- Date: 6 – 12 February
- Edition: 4th
- Surface: Hard
- Location: Tenerife, Spain

Champions

Singles
- Matteo Gigante

Doubles
- Andrew Harris / Christian Harrison
- ← 2023 · Tenerife Challenger · 2024 →

= 2023 Tenerife Challenger III =

The 2023 Tenerife Challenger III was a professional tennis tournament played on hardcourts. It was the fourth edition of the Tenerife Challenger tournament which was part of the 2023 ATP Challenger Tour.
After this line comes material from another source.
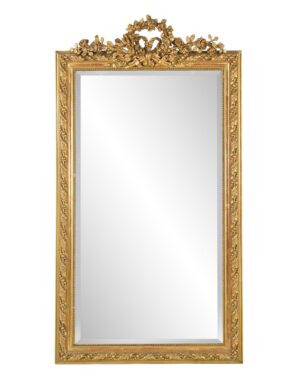 Rectangular wall mirror with an ornate giltwood frame and carved floral crest at the top, showing visible age spots on the glass.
It took place in Tenerife, Spain between 6 and 12 February 2023.

==Singles main-draw entrants==
===Seeds===

| Country | Player | Rank^{1} | Seed |
|---|---|---|---|
| ITA | Francesco Passaro | 111 | 1 |
|  | Alexander Shevchenko | 117 | 2 |
| AUT | Filip Misolic | 145 | 3 |
| ITA | Raúl Brancaccio | 147 | 4 |
| GBR | Ryan Peniston | 154 | 5 |
| UKR | Oleksii Krutykh | 176 | 6 |
| ESP | Carlos Taberner | 177 | 7 |
| ITA | Francesco Maestrelli | 183 | 8 |

- ^{1} Rankings are as of 30 January 2023.

===Other entrants===
The following players received wildcards into the singles main draw:
- ESP Pablo Llamas Ruiz
- ESP Daniel Rincón
- ITA Stefano Travaglia

The following players received entry into the singles main draw as alternates:
- CZE Marek Gengel
- ITA Gianluca Mager

The following players received entry from the qualifying draw:
- ITA Salvatore Caruso
- ITA Giovanni Fonio
- USA Christian Harrison
- JPN Shintaro Mochizuki
- JOR Abedallah Shelbayh
- CHN Bu Yunchaokete

The following players received entry as lucky losers:
- ITA Matteo Gigante
- BRA Oscar José Gutierrez
- ITA Gian Marco Moroni

==Champions==
===Singles===

- ITA Matteo Gigante def. ITA Stefano Travaglia 6–3, 6–2.

===Doubles===

- AUS Andrew Harris / USA Christian Harrison def. GBR Luke Johnson / NED Sem Verbeek 7–6^{(8–6)}, 6–7^{(4–7)}, [10–8].